A Reconfigurable Floating-Point Division and Square Root Architecture for High-Precision Softmax
A Reconfigurable Floating-Point Division and Square Root Architecture for High-Precision Softmax
Abstract:
With the advancement of deep learning models, the Softmax function with self-attention has become pervasive in everyday applications. As components of the Softmax function and its inputs, both division and square root operations impact its accuracy. However, these two non-linear operations bring significant area and power consumption for hardware implementation. To address these challenges, this paper proposes a reconfigurable floating-point division and square root (FDSR) architecture that achieves low resource consumption and high accuracy for general-purpose computation. The FDSR enhances the traditional non-restoring algorithm by using shift-registers and optimizing the leading-one detection and shift operations, reducing hardware resource usage while maintaining high accuracy (0.5 ULP).

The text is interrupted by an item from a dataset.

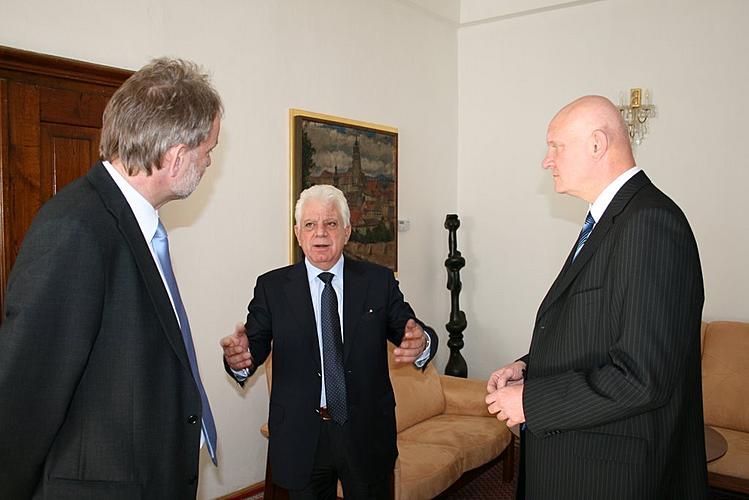 26. března 2010 Kyperský velvyslanec J.E. pan Phaedon Anastasiou v Českém Krumlově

In the mantissa calculation, the division can be converted to a square root operation by simply switching the path to the subtractor through multiplexers. Additionally, a triple-mode reconfigurable iteration unit is introduced, featuring a multi-layer pipelined architecture that provides adaptability for different applications. By redesigning the pipeline depth and reusing logical units, the FDSR efficiently addresses the issue of large-scale integration. Experimental results show that in 40 nm CMOS technology, the FDSR achieves significant improvements, including a 14.69% area reduction for floating-point division compared with Synopsys Design Ware and 38.95% power reduction at 91.55% accuracy. For floating-point square root, the FDSR reduces area by 64.63% and power consumption by 87.81% compared with Synopsys Design Ware. On FPGA implementation, the FDSR significantly reduces power consumption, achieving an 83.23% reduction for floating-point division and 87.81% for floating-point square root, outperforming state-of-the-art designs.
Index Terms —
Floating-point division, floating-point square root, low-resource consumption, and high-accuracy computation.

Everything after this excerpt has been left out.